Start of EXERCISE INPUTS
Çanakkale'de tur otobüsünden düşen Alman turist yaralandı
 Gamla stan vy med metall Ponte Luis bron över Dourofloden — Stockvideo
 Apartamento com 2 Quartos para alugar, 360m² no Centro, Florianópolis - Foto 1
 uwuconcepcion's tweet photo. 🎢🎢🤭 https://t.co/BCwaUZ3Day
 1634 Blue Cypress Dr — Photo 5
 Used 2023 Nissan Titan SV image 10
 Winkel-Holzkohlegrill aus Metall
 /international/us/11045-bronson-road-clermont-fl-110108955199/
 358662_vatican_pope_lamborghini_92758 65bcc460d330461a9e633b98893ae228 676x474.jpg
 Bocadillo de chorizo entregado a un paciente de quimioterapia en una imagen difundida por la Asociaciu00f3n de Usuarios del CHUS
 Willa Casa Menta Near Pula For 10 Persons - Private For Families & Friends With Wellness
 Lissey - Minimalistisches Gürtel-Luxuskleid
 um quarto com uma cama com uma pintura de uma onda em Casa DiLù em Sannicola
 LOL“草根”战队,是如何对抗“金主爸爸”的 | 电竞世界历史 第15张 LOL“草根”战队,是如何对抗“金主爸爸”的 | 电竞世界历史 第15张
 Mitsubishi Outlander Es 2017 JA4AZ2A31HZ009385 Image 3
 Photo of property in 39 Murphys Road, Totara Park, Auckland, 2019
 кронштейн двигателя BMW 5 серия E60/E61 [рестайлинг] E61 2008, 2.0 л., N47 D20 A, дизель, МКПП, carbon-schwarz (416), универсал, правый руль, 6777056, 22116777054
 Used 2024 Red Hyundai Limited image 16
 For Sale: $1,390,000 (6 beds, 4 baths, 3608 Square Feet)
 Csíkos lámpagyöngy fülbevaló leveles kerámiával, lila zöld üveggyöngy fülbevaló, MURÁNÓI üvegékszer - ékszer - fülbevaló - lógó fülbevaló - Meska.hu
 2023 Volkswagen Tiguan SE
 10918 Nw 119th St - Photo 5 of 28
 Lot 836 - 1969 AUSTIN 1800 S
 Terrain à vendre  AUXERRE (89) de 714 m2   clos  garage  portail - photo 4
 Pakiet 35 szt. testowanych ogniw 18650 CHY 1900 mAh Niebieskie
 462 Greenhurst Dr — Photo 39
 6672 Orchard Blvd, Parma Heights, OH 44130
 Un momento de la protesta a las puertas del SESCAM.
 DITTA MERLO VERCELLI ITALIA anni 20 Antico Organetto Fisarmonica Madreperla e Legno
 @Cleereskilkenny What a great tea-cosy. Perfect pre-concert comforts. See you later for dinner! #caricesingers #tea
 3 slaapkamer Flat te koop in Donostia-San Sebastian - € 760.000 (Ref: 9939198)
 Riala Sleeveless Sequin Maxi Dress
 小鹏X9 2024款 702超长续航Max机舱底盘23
End of EXERCISE INPUTS
REQUIREMENT> Give the listing again, word for word.

RESPONSE FOR THIS EXERCISE>
Çanakkale'de tur otobüsünden düşen Alman turist yaralandı
 Gamla stan vy med metall Ponte Luis bron över Dourofloden — Stockvideo
 Apartamento com 2 Quartos para alugar, 360m² no Centro, Florianópolis - Foto 1
 uwuconcepcion's tweet photo. 🎢🎢🤭 https://t.co/BCwaUZ3Day
 1634 Blue Cypress Dr — Photo 5
 Used 2023 Nissan Titan SV image 10
 Winkel-Holzkohlegrill aus Metall
 /international/us/11045-bronson-road-clermont-fl-110108955199/
 358662_vatican_pope_lamborghini_92758 65bcc460d330461a9e633b98893ae228 676x474.jpg
 Bocadillo de chorizo entregado a un paciente de quimioterapia en una imagen difundida por la Asociaciu00f3n de Usuarios del CHUS
 Willa Casa Menta Near Pula For 10 Persons - Private For Families & Friends With Wellness
 Lissey - Minimalistisches Gürtel-Luxuskleid
 um quarto com uma cama com uma pintura de uma onda em Casa DiLù em Sannicola
 LOL“草根”战队,是如何对抗“金主爸爸”的 | 电竞世界历史 第15张 LOL“草根”战队,是如何对抗“金主爸爸”的 | 电竞世界历史 第15张
 Mitsubishi Outlander Es 2017 JA4AZ2A31HZ009385 Image 3
 Photo of property in 39 Murphys Road, Totara Park, Auckland, 2019
 кронштейн двигателя BMW 5 серия E60/E61 [рестайлинг] E61 2008, 2.0 л., N47 D20 A, дизель, МКПП, carbon-schwarz (416), универсал, правый руль, 6777056, 22116777054
 Used 2024 Red Hyundai Limited image 16
 For Sale: $1,390,000 (6 beds, 4 baths, 3608 Square Feet)
 Csíkos lámpagyöngy fülbevaló leveles kerámiával, lila zöld üveggyöngy fülbevaló, MURÁNÓI üvegékszer - ékszer - fülbevaló - lógó fülbevaló - Meska.hu
 2023 Volkswagen Tiguan SE
 10918 Nw 119th St - Photo 5 of 28
 Lot 836 - 1969 AUSTIN 1800 S
 Terrain à vendre  AUXERRE (89) de 714 m2   clos  garage  portail - photo 4
 Pakiet 35 szt. testowanych ogniw 18650 CHY 1900 mAh Niebieskie
 462 Greenhurst Dr — Photo 39
 6672 Orchard Blvd, Parma Heights, OH 44130
 Un momento de la protesta a las puertas del SESCAM.
 DITTA MERLO VERCELLI ITALIA anni 20 Antico Organetto Fisarmonica Madreperla e Legno
 @Cleereskilkenny What a great tea-cosy. Perfect pre-concert comforts. See you later for dinner! #caricesingers #tea
 3 slaapkamer Flat te koop in Donostia-San Sebastian - € 760.000 (Ref: 9939198)
 Riala Sleeveless Sequin Maxi Dress
 小鹏X9 2024款 702超长续航Max机舱底盘23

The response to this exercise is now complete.